◆ **EXERCISE**:
Among the records that follow, set down only the lines from the one containing "Квартира 90 кв\м" to the one containing "เครื่องยนต์ไฮดรอลิก Geroler ของแท้", both included, exactly.

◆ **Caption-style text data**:
╔══

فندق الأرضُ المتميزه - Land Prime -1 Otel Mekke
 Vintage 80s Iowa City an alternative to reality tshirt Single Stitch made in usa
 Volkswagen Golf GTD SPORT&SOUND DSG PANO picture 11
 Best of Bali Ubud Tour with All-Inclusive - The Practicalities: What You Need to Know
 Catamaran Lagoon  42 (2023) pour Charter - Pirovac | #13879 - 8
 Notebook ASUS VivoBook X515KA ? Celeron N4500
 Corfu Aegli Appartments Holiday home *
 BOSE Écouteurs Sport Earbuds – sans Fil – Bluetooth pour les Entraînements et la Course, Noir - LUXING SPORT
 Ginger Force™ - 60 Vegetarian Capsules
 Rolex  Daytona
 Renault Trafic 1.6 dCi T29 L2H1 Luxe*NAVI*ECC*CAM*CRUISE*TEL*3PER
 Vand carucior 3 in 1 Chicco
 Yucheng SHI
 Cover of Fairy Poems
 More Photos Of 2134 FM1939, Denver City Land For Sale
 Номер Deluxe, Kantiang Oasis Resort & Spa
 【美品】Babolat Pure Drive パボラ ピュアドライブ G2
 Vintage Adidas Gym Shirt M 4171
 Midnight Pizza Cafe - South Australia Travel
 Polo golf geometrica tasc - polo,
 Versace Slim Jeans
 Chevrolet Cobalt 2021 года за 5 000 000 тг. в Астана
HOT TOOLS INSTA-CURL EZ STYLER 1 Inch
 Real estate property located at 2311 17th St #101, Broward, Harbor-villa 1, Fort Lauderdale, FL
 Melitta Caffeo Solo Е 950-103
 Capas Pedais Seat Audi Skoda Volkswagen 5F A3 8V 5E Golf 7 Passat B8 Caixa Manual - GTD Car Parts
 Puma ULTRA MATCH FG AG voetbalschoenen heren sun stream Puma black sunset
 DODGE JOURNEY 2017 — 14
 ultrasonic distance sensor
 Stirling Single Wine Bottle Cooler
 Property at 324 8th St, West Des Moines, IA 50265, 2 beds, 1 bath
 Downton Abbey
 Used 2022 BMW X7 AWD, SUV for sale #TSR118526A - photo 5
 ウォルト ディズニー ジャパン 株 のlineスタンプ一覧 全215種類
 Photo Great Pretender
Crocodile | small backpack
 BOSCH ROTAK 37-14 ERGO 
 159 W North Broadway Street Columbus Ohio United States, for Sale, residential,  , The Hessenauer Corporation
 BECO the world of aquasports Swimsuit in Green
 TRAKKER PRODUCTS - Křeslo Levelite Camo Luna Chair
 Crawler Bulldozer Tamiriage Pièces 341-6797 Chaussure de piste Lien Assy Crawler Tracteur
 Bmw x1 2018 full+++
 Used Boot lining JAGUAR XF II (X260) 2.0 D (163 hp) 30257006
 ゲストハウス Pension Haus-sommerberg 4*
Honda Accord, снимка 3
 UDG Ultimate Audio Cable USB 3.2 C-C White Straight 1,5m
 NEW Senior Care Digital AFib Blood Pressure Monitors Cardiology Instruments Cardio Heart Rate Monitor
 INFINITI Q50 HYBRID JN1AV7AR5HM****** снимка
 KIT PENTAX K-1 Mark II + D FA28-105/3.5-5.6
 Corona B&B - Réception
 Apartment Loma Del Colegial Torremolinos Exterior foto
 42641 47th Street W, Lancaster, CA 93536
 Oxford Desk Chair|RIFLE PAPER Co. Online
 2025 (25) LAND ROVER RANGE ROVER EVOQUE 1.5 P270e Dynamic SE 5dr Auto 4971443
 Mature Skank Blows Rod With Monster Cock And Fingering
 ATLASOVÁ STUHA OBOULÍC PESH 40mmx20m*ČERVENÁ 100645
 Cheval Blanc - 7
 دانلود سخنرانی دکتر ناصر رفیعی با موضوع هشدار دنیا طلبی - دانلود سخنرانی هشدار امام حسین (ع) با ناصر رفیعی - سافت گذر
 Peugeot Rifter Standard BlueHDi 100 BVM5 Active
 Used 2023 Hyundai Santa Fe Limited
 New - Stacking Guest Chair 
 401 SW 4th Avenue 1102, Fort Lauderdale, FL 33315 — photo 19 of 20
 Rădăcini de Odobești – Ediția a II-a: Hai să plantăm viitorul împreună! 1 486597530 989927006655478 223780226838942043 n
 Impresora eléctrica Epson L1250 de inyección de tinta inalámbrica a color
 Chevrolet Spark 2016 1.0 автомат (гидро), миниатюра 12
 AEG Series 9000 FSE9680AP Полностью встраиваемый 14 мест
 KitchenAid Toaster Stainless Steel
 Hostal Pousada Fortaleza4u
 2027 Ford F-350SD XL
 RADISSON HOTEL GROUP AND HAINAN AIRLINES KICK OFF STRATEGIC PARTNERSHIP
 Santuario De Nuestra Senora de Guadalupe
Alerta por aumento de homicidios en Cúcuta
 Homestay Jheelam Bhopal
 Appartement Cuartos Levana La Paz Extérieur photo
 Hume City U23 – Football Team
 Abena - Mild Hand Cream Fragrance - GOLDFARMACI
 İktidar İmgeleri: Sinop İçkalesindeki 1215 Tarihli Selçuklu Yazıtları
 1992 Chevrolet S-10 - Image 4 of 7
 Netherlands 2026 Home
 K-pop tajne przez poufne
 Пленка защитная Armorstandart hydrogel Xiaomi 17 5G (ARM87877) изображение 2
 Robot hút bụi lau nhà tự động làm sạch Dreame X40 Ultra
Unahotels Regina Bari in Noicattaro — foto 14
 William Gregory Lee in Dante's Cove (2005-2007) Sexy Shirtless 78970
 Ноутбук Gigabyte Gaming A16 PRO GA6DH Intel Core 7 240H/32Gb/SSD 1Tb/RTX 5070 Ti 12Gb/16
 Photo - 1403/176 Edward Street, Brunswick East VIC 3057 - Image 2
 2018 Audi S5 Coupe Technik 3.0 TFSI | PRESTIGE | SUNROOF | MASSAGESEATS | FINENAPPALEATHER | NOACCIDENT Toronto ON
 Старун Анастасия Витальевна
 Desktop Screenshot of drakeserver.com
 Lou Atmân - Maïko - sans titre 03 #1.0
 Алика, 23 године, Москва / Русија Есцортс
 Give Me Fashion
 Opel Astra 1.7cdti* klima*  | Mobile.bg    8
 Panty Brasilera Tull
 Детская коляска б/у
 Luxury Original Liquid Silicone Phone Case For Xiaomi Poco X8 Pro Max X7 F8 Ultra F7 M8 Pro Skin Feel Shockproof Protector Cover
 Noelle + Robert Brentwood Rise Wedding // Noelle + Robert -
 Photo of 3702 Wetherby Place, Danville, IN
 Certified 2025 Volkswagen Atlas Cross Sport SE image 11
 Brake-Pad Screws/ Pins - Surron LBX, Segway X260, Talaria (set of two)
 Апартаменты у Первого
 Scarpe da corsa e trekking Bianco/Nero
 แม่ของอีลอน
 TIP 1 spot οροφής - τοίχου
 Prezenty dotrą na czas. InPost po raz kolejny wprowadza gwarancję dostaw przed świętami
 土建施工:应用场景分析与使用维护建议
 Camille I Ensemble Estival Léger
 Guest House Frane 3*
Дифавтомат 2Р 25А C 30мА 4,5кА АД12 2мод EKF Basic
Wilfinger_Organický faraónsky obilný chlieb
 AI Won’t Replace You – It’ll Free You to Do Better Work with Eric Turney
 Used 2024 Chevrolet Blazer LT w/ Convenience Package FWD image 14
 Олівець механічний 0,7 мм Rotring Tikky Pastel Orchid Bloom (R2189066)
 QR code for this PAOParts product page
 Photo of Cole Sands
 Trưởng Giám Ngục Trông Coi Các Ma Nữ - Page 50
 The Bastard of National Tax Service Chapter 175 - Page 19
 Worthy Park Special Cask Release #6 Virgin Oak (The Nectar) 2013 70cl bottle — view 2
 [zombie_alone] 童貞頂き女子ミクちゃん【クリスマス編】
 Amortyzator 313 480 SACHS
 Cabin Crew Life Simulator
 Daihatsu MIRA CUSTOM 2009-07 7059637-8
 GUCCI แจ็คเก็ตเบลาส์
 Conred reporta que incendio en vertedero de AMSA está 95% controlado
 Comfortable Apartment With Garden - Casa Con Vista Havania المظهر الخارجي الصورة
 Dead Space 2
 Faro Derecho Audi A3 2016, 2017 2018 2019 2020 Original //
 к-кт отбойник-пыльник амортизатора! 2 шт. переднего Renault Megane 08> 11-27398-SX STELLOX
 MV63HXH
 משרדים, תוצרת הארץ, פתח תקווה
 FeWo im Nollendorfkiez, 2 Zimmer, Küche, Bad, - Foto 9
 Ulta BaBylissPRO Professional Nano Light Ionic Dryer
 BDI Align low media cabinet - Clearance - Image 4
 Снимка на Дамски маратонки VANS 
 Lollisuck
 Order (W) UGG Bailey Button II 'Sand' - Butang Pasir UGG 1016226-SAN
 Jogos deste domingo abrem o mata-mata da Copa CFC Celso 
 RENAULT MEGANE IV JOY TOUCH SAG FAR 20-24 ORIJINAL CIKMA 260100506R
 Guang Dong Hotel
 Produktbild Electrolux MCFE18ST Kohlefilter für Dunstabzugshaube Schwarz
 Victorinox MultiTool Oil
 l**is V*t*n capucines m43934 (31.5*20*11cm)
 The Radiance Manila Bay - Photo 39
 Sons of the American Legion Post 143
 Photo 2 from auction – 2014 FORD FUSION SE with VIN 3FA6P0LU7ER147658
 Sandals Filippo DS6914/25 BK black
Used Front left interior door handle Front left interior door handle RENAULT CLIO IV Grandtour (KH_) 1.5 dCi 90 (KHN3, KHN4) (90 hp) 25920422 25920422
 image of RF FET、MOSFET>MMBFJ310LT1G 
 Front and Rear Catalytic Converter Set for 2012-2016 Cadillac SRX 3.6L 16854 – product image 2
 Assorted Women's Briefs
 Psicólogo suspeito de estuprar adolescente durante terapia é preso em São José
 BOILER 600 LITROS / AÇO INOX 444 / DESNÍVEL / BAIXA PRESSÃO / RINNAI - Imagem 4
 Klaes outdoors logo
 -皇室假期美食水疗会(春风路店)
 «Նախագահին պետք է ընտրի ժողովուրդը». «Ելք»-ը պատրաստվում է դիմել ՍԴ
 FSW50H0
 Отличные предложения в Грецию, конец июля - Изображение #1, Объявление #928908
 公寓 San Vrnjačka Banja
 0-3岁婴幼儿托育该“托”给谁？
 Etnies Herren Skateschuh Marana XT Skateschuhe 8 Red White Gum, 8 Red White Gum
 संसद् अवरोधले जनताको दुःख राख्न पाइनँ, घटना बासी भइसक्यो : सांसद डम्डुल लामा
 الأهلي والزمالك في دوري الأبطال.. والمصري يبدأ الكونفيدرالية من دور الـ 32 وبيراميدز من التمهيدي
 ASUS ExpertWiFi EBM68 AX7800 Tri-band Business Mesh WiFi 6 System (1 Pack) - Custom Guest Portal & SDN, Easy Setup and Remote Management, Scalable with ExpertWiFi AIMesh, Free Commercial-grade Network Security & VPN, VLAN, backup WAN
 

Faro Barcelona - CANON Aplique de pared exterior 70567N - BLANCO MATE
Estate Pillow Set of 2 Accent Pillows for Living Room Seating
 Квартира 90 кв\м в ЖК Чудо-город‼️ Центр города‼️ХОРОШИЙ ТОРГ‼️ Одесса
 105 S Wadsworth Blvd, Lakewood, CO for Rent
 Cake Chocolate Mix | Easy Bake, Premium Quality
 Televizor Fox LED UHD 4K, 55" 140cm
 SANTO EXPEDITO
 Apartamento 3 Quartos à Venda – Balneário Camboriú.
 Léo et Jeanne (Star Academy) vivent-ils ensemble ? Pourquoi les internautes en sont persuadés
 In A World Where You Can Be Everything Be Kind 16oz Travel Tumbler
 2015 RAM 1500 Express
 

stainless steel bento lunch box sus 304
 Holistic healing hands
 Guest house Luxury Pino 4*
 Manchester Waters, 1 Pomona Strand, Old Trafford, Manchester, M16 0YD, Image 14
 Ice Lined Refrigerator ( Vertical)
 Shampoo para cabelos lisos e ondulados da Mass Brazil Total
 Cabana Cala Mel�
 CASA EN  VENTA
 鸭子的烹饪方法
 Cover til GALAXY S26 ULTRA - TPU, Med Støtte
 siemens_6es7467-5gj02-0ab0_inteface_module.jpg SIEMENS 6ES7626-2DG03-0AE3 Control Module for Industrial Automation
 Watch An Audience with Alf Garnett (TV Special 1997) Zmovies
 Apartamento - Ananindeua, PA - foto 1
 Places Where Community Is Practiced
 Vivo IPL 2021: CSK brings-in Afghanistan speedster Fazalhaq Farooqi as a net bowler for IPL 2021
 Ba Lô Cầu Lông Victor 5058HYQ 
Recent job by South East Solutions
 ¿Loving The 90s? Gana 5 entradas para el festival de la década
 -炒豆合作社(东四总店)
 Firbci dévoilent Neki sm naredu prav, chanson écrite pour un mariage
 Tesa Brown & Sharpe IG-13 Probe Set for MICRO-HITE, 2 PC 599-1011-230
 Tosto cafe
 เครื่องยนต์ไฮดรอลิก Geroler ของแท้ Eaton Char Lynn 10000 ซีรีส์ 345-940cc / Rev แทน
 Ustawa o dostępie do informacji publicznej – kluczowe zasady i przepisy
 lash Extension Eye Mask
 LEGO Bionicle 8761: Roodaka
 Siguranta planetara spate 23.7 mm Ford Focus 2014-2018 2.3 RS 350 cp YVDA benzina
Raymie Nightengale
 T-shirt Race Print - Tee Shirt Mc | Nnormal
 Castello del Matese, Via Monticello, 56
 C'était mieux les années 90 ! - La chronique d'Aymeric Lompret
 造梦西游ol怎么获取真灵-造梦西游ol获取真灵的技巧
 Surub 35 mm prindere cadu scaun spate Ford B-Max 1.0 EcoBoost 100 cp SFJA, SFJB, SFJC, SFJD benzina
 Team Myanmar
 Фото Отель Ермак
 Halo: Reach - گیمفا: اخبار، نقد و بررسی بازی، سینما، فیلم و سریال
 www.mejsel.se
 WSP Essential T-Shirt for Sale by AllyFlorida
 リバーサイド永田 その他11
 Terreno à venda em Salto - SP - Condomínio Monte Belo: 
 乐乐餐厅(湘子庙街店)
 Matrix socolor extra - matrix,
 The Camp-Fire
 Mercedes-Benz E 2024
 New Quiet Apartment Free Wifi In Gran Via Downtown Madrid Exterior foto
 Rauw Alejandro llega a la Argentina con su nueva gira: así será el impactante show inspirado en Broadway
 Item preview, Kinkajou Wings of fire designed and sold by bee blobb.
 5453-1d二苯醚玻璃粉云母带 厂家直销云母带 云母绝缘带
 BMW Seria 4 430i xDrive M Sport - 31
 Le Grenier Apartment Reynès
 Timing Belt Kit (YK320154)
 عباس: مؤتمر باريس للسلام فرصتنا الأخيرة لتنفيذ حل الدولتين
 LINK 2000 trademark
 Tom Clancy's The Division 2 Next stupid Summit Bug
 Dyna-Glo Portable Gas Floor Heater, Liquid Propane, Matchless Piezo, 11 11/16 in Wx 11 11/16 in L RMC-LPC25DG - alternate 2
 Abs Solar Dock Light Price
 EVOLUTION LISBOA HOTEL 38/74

╚══

◆ **EXERCISE ANSWER**:
 Квартира 90 кв\м в ЖК Чудо-город‼️ Центр города‼️ХОРОШИЙ ТОРГ‼️ Одесса
 105 S Wadsworth Blvd, Lakewood, CO for Rent
 Cake Chocolate Mix | Easy Bake, Premium Quality
 Televizor Fox LED UHD 4K, 55" 140cm
 SANTO EXPEDITO
 Apartamento 3 Quartos à Venda – Balneário Camboriú.
 Léo et Jeanne (Star Academy) vivent-ils ensemble ? Pourquoi les internautes en sont persuadés
 In A World Where You Can Be Everything Be Kind 16oz Travel Tumbler
 2015 RAM 1500 Express
 

stainless steel bento lunch box sus 304
 Holistic healing hands
 Guest house Luxury Pino 4*
 Manchester Waters, 1 Pomona Strand, Old Trafford, Manchester, M16 0YD, Image 14
 Ice Lined Refrigerator ( Vertical)
 Shampoo para cabelos lisos e ondulados da Mass Brazil Total
 Cabana Cala Mel�
 CASA EN  VENTA
 鸭子的烹饪方法
 Cover til GALAXY S26 ULTRA - TPU, Med Støtte
 siemens_6es7467-5gj02-0ab0_inteface_module.jpg SIEMENS 6ES7626-2DG03-0AE3 Control Module for Industrial Automation
 Watch An Audience with Alf Garnett (TV Special 1997) Zmovies
 Apartamento - Ananindeua, PA - foto 1
 Places Where Community Is Practiced
 Vivo IPL 2021: CSK brings-in Afghanistan speedster Fazalhaq Farooqi as a net bowler for IPL 2021
 Ba Lô Cầu Lông Victor 5058HYQ 
Recent job by South East Solutions
 ¿Loving The 90s? Gana 5 entradas para el festival de la década
 -炒豆合作社(东四总店)
 Firbci dévoilent Neki sm naredu prav, chanson écrite pour un mariage
 Tesa Brown & Sharpe IG-13 Probe Set for MICRO-HITE, 2 PC 599-1011-230
 Tosto cafe
 เครื่องยนต์ไฮดรอลิก Geroler ของแท้ Eaton Char Lynn 10000 ซีรีส์ 345-940cc / Rev แทน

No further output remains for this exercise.